Searching for a specific chess position is one of the most powerful ways to improve your chess. Instead of memorizing long variations, you focus on ideas, plans, and typical structures that appear repeatedly in real games. In this article, you’ll learn how to search for a chess position in Chesspertise and how to use the results for practical improvement.

12/27/20253 min read

Searching for a specific chess position is one of the most powerful ways to improve your chess.
Instead of memorizing long variations, you focus on ideas, plans, and typical structures that appear repeatedly in real games.

In this article, you’ll learn how to search for a chess position in Chesspertise and how to use the results for practical improvement.

Why Position-Based Search Is So Important

Most players search databases by:

  • opening name

  • move order

  • player name

While useful, this approach has a major limitation:
the same position can be reached through many different move orders.
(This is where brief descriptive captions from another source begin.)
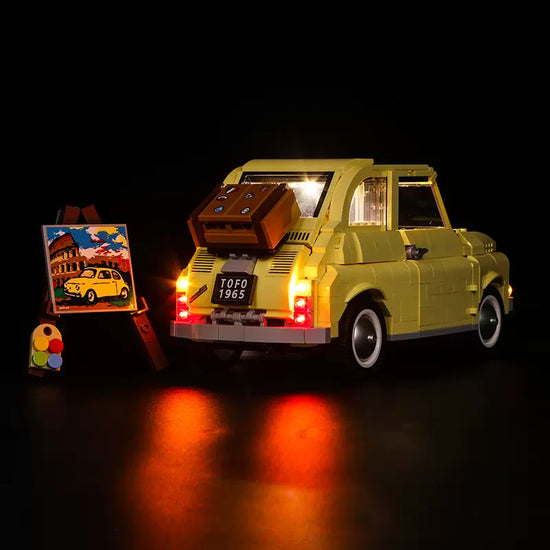 BrickBling - LED Licht Set für LEGO Fiat 500 (10271)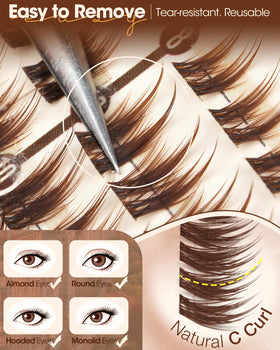 Mavphnee storage tray illustrating reusable lashes and neat organization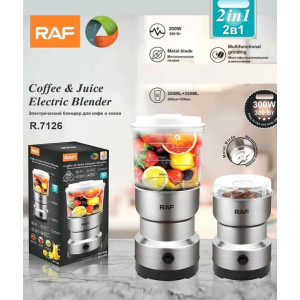 Matrix 2 in 1 Stainless Steel Juicer & Grinder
Position-based search allows you to:

  • study typical middlegame structures

  • understand plans for both sides

  • find model games in your openings

  • prepare against opponents more effectively

This is how strong players actually use databases.

What Does “Searching a Position” Mean?

Searching for a position means:

  • defining a board position (pieces, side to move)
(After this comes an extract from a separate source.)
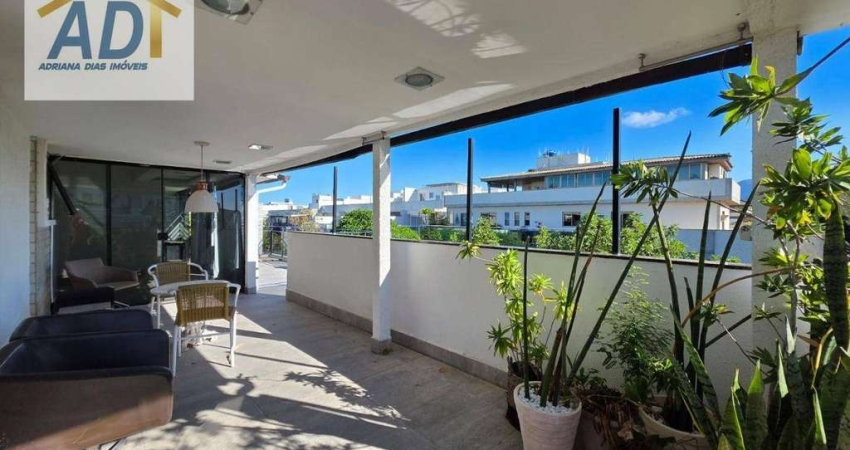 Cobertura, Recreio, 3 quartos à venda, 161 m² por R$ 1.450.000 - Recreio dos Bandeirantes - Rio de Janeiro/RJ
  • asking the database to find all games where that position occurred

  • analyzing what strong players did from that point onward

In Chesspertise, this is fast and intuitive because positions are indexed, not just move.

Step-by-Step: How to Search for a Chess Position in Chesspertise

1. Click on search

From the Chesspertise home page:

  • click on Search Position

  • at the top right there is a green icon, click on it and select the database you want to use for this search

In the example above, I am using a database from Opening Master (www.openingmaster.com), which I highly recommend for the quality of the games and the excellent value for money.

The strength and cleanliness of the database you use is extremely important. Strong players and serious playing conditions produce far better material for study.

Setting Up a Position on the Board

Once you have selected the database you want to use, you can start defining a position using the chessboard on the right side of the screen.

When you click on a piece, Chesspertise highlights all legal moves for that piece.
This allows you to replay moves naturally until you reach the exact position you are looking for.

Editing the Board Manually

There is also another way to search for a specific position:

  • Click the Edit Board button just below the chessboard

  • Manually place any pieces on the board

  • Start the position search

Understanding Position Statistics

For every searched position, Chesspertise provides important statistical data:

  1. Win percentage for White

  2. Win percentage for Black

  3. Draw percentage

  4. Overall White score for each continuation

These statistics help you quickly evaluate whether a line is:

  • promising

  • playable

  • risky

  • or strategically questionable

They should be used as guidance, not as absolute truth.

Why Database Quality Matters

As you can see, the quality of the database is crucial.

For serious improvement:

  • stronger players produce better strategic examples

  • OTB long games are generally superior to blitz or online rapid

  • modern, well-curated databases give more reliable evaluations

This is why database selection matters as much as the search itself.

Exploring the Games Behind the Position

Once you have selected a specific line, click the blue button below the chessboard labeled Update Games List.

You will be taken to a new page where you can:

  • analyze every game that reached the selected position

  • replay full games move by move

  • annotate and save important examples

The games are sorted by date, which is important if you want to:

  • understand how a line originated

  • study how theory evolved over time

  • see which ideas are still relevant today

Summary

Searching for a chess position is one of the most effective ways to understand plans, structures, and typical ideas beyond memorizing moves. Using a high-quality database is essential, as stronger players and serious playing conditions produce more reliable and instructive games.

With Chesspertise, you can define a position directly on the board or by editing it manually, instantly access statistical results, and explore how strong players have handled the position over time. By analyzing the resulting games—especially high-level OTB games—you turn raw data into practical chess knowledge that directly improves your decision-making at the board.